Emily: Really? Well, my backup favorite color is black. You have to have a backup.
Britt: Well, if you ask me what my favorite color is with clothes, I’m earth tones all the way, but if you ask me what color do I want to stare at all day? It’s aqua or bohemian ocean blue.
Emily: Oh yeah, like marine blue, that’s pretty amazing.
Britt: Sometimes I can get into purple and blue. Like, I like that blue on the Don Julio bottle.
They leave Varga Bar to go purchase 40s and take some photos on the stoop. There was a very apparent difference between them when it comes to sitting on stoops and drinking 40s.
Bar 2: 12 Steps Down
The conversation starts with discussing turning 30 and smoking (neither of them are 30 or smoke).
Emily: Ok, honesty hour. Do you feel or think less of me now that you know how acquainted with 40s I am?
Brit: No. Not at all. I think I like you more.
Emily: It’s not like an indictment on my personality?
Britt; No. It’s not like I’m going to not come to Smokin’ Betty’s and try to sell you craft beer because this bitch likes 40s. I’m going to come even more because you’re cool.

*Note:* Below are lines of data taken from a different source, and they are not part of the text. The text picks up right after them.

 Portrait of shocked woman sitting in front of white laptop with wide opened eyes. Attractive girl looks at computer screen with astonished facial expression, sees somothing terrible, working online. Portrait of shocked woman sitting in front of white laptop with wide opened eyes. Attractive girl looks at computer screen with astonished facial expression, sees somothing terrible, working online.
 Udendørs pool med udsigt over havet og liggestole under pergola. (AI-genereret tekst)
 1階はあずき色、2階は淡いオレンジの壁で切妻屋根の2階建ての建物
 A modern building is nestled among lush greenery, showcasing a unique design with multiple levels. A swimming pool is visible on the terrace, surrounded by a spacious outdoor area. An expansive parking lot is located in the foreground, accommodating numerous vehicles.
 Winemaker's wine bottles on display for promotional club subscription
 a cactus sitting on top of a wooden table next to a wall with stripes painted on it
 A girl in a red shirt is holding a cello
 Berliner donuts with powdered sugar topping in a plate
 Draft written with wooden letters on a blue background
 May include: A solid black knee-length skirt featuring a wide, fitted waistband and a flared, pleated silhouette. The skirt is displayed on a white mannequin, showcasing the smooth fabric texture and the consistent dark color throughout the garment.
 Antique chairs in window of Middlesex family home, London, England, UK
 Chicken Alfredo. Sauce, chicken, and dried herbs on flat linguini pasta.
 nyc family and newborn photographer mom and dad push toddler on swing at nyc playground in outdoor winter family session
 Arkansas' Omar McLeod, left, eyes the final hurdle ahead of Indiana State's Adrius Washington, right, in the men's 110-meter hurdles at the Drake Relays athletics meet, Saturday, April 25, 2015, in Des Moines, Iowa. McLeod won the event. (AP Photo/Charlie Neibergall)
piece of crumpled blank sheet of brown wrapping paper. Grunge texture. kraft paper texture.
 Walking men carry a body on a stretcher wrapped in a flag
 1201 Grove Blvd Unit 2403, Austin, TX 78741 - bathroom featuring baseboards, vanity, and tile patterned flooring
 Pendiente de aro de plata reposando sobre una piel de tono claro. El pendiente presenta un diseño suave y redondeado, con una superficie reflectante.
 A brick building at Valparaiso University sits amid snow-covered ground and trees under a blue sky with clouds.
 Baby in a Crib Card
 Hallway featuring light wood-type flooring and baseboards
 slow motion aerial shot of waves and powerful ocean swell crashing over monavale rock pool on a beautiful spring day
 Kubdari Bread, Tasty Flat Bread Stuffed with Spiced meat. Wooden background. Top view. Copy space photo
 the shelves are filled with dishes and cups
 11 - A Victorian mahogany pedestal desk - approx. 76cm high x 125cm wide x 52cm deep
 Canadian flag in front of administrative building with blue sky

Emily: It’s compact, is what it is.
Britt: Yeah, it’s easy. It’s cheap. It’ll get you buzzed.
Emily: It’s portable, and how much was the bill at the Foodery?
Emily: Couldn’t have been more than $10. [With] Foodery markup it was $8. I think they have to markup the shitty beer to deter that element.
Britt: What element are you talking about, Emily?
Emily: 40 drinking hobos, you know. I mean it’s on the very bottom shelf. I don’t know if you’ve noticed this, but downtown there are a lot more people on corners, with signs, like our signs.
Emily: Is that the first time you ever had a 40 on a stoop?
Britt: Yes. That is the first time I ever had a 40 in my hand on a stoop. Actually, I’ve never even sat on a stoop before.
Emily: You’ve never stooped before?
Britt: I grew up on a farm, so we don’t really have stoops. We have fields with cow shit. That makes me feel really comfortable.
Emily: In your defense, I would feel equally uncomfortable if I was asked to drink cider on a farm.
Britt: And I would feel so comfortable.
Emily: So my question goes to music. If you have people over to your house, what music are you playing?
Britt: Like an easy-going dinner with friends?
Emily: A picnic.
Britt: Whatever you start off from, it’s always going into a hardcore party. So we’re going to start off with a little Michael Bublé. Then, we’re going to go from Michael to a little Skillet. Then, probably a little Papa Roach. Then, a little Rhianna and then a little Nicki Minaj. Then, we’re going to go balls-to-the-wall and end it with Macklemore. Also, throw a little Carla Bruni in there. She’s French, I don’t know if you know her.
This just led to an endless mocking of Brittney’s taste in music, which the interview never recovered from.